1 - getting carpet cleaners to join. We are very much individuals and look how divided we are here on this forum. So how is any one organisation going to get the numbers to generate a decent income.
2 - getting awareness out to the public. Been tried before, will take tens of thousands of pounds, and many of them, to make a small impact, and that initial impact needs to be sustained.
3 - its been said only about 3% of the UK population have their carpets cleaned. That means we are a dirty nation! How do you educate the population of the UK about the benefits of clean and healthier carpets? That would take a massive effort lasting years.
I think those 3 reasons alone is sufficient to say that, IMO, no organisation is going to make the full advancement that many deem necessary.
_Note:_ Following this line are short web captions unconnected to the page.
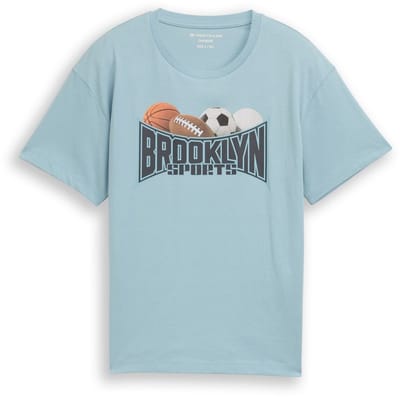 Tom Tailor - Oversized T-shirt met fotoprint - Maat 152 - light teal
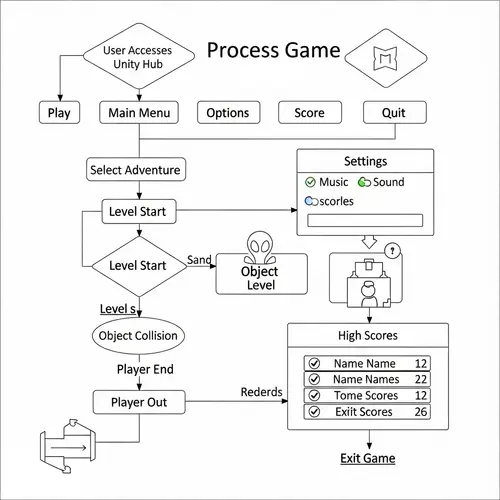 Game Development Process Flow Diagram | Unity Hub, Main Menu, Adventures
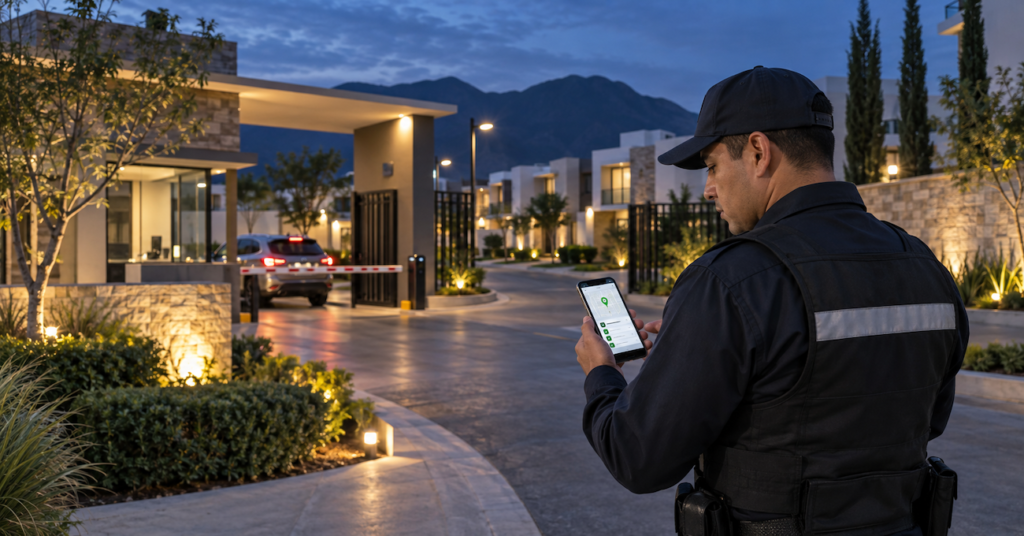 Guardia utilizando un rondinero de vigilancia en un fraccionamiento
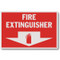 Picture of an Aluminum fire extinguisher sign w/ arrow and icon, 12"w x 8"h.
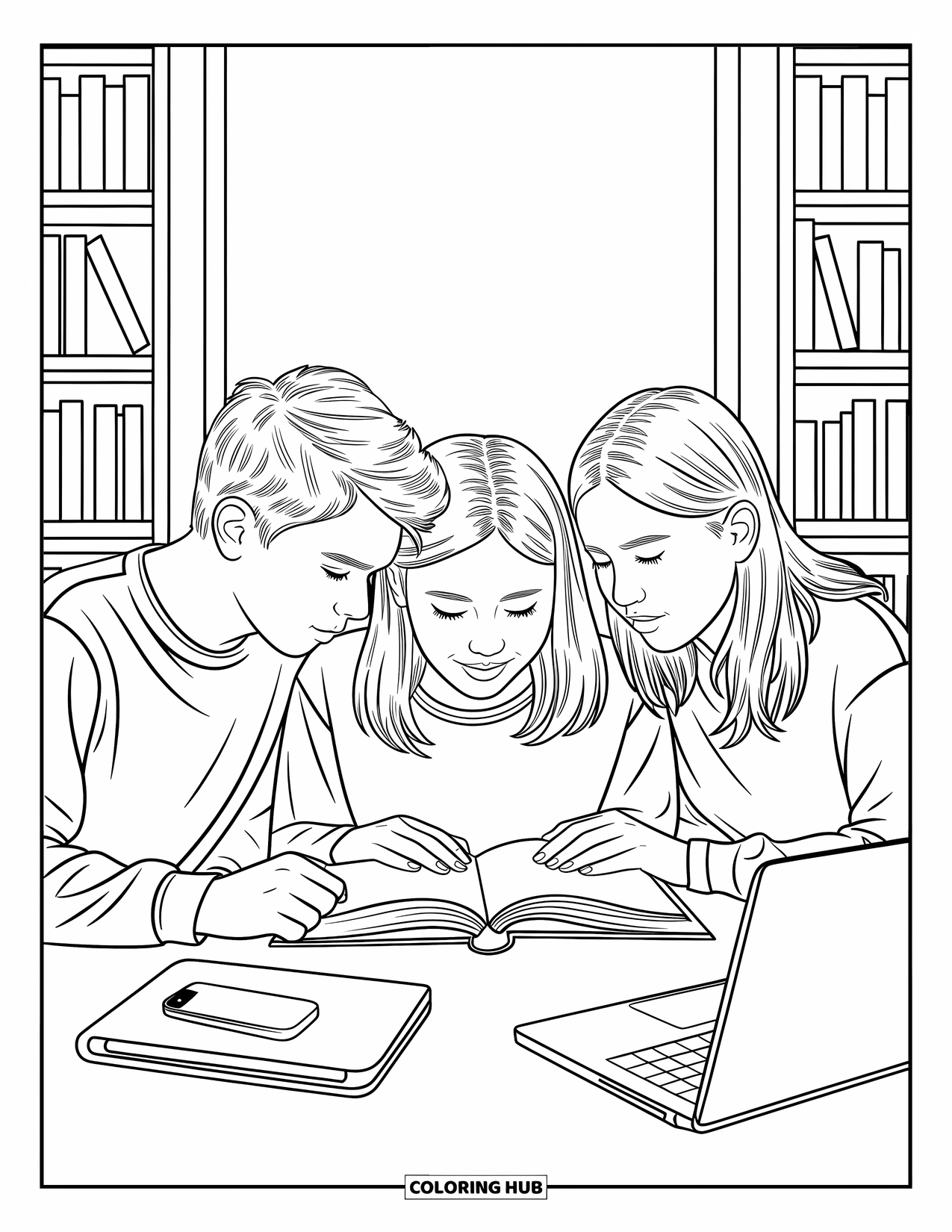 School Kleurplaat voor Kinderen: Drie studenten studeren samen in een gezellig bibliotheekhok met boeken en laptops om hen heen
And the more associations there are means that any effort, no matter how passionate, is not going to make a massive difference to the whole.
Some unified action COULD work to make some impact.
The NCCA has been around how long? 40 years is it.
They have focused on "minimum" training, updating its members on latest developments (they do hold training days), ensuring its members have PL and treatment risk insurance (thats a good thing isnt it?), provide an advisory service for its members and handle complaints. (thats 4 of its listed aims - the 5th being each member adheres to the motto "service with integrity").
All the above things are positive.
Those are the aims of the NCCA (taken from their literature). No where do they state they will make the population of the UK aware of their existence so how can they be called rotten for not achieving what they have not set out to do.
If those with the passion to strive for customer awareness should, perhaps, approach the NCCA to see if a separate "arm" could work to develop that, hopefully bringing in new members at the same time.
The NCCA has credability, it has contacts, it has an infrastructure.... so why not use them?